Both governors said this decision by the NEC showed very clearly the collapse of the rule of law in Papua New Guinea.

“And, all citizens can now see that the NEC is prepared to ignore thelaw and embrace and approve illegal transactions and acquisitions of State property by foreigners who themselves have no certification to work in PNG and who on — sell our heritage for profit confident that they will never be called to account,” the governors said.

They said the NEC decision totally ignores the law and advice given by the Attorney General, the State Solicitor, the PAC, O’Briens Lawyers and the Gubon Lawyers that the sale was illegal, the export was illegal and the removal from Agaiembo swamp was illegal.

The governors said the NEC has not only endorsed a conspiracy to illegally acquired public property by foreigners who have no capacity to restore or preserve the wreck and also completely ignored the fact that the wreck is sub judice in the National Court.
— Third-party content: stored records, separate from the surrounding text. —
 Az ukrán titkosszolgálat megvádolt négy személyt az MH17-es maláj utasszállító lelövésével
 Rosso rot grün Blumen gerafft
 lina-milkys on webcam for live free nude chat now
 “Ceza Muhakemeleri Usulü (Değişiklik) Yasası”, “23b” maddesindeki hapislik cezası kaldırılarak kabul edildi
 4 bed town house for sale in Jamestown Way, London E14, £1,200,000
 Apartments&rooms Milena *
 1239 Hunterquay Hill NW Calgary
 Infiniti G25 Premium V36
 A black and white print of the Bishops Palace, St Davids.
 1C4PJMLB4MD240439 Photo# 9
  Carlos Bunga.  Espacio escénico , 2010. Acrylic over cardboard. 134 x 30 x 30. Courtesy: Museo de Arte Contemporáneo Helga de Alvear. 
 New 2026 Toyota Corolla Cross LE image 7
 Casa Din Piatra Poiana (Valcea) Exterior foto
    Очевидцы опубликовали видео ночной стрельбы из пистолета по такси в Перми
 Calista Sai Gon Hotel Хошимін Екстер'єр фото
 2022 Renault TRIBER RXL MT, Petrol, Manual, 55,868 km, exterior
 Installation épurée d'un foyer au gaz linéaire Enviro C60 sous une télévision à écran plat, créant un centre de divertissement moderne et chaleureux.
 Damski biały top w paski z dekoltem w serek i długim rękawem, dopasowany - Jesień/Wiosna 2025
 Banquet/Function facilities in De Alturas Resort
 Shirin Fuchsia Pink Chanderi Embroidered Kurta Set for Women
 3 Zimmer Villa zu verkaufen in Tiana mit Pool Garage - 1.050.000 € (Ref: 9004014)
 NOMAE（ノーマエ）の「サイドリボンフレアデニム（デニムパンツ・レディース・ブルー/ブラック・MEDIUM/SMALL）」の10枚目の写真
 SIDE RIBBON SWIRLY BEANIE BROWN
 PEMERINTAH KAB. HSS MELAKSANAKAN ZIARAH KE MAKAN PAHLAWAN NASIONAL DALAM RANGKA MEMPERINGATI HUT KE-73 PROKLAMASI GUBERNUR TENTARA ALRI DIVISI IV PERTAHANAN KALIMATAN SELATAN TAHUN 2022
“Further, the NEC submission was intentionally misleading and deceitful as it again stated that the wreck was to go to March Field Museum in California,” they said.

They said on August 4, the museum again said there was no such arrangement and also had no knowledge of the Swamp Ghost or its exporters and intended to write to the PNG Government protesting that the name of the museum was again being used without its knowledge.
The governors asked to know which destination the Swamp Ghost was going to . . . who has actually bought it and why did the NEC accept the submission without seeking confirmation.

They said the Minister for Cultural and Tourism has no jurisdiction over the wreck nor does the museum.

The only person with legal power to approve such salvage is the Governor-General acting on advice – and even he cannot approve a sale.